Retype exactly what appears below from the line containing "Wall Mural - cute penguin cartoon comic icon" down to the line containing "Tassimo Cadbury &", keeping both end lines. Do not include pictures.

MATERIAL FOR THIS TASK>

---

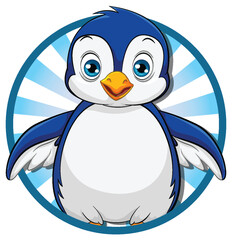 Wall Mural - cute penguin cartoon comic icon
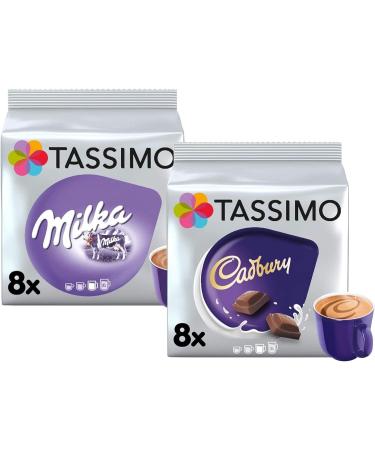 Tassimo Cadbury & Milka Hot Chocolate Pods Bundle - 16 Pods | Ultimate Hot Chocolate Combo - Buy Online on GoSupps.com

---

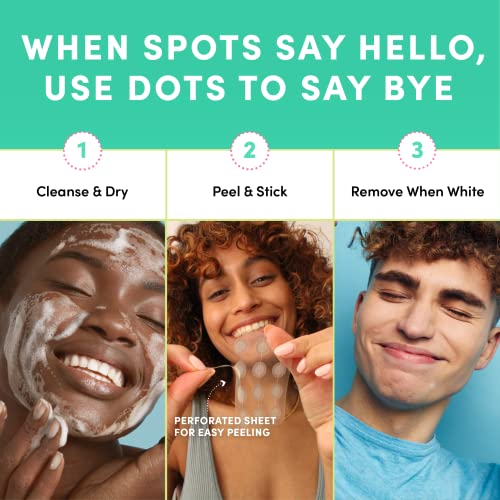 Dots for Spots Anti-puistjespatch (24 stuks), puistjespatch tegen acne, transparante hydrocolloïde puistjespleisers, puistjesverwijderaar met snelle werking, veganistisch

---

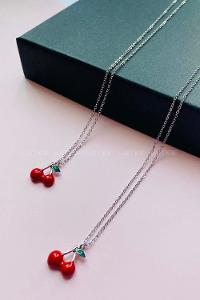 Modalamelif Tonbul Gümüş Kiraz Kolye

---

THE COMPLETED TASK>
 Wall Mural - cute penguin cartoon comic icon
 Tassimo Cadbury & Milka Hot Chocolate Pods Bundle - 16 Pods | Ultimate Hot Chocolate Combo - Buy Online on GoSupps.com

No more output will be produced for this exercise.